Your task » Transcribe the listing underneath, keeping each word exact and omitting the images.

Data excerpt »
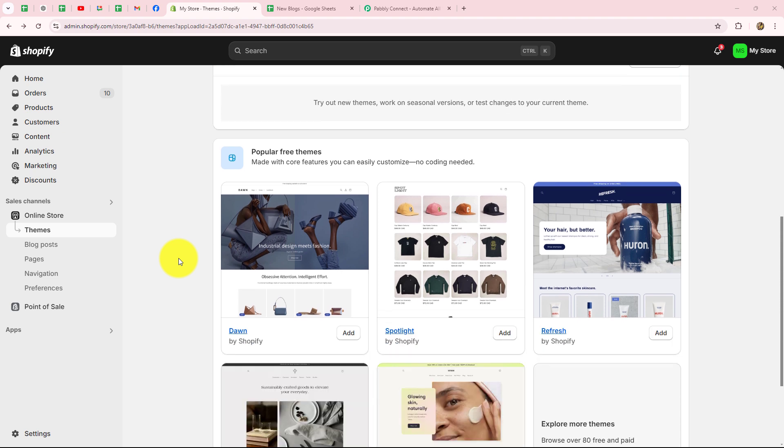Hello everyone, welcome back to Pabbly. In this video, we are going to learn how to automate Shopify using Pabbly Connect.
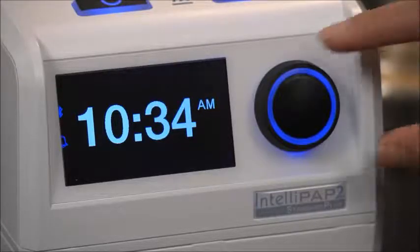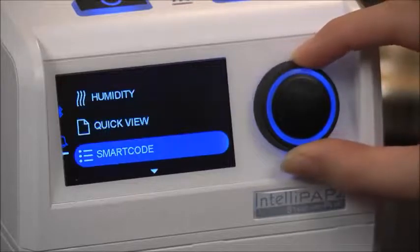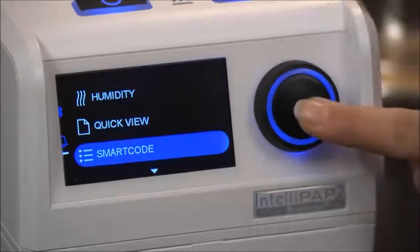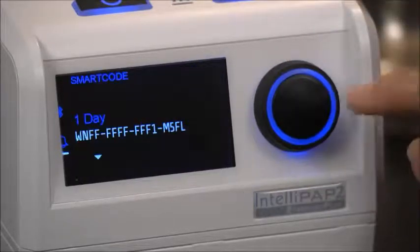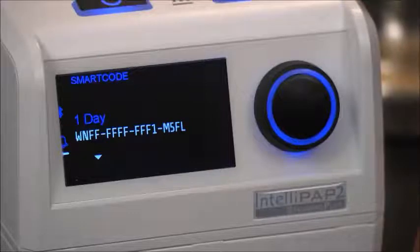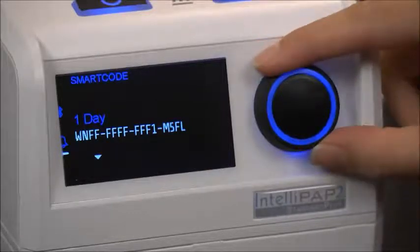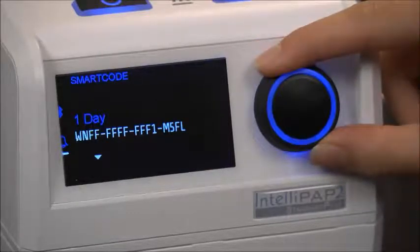First, highlight SmartCode by turning the rotary knob and press to select. The 1-day data set will appear. Continue to turn the knob to view the additional screens.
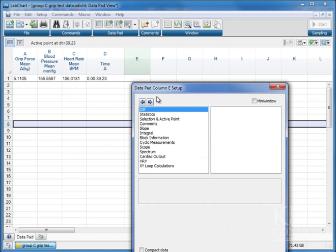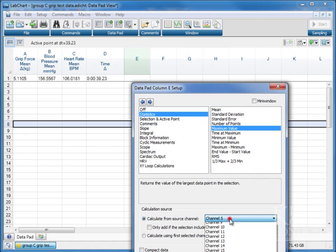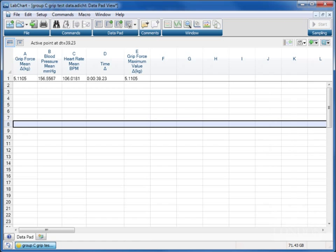So let's check on E, and let's for this one, because we're going to use these data later, let's look at the statistics and let's do a maximum value derived from the grip force, which is the first channel. And there we are. So that's going to give us the maximum deflection.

Answer to this task »
Hello everyone, welcome back to Pabbly. In this video, we are going to learn how to automate Shopify using Pabbly Connect.
First, highlight SmartCode by turning the rotary knob and press to select. The 1-day data set will appear. Continue to turn the knob to view the additional screens.
So let's check on E, and let's for this one, because we're going to use these data later, let's look at the statistics and let's do a maximum value derived from the grip force, which is the first channel. And there we are. So that's going to give us the maximum deflection.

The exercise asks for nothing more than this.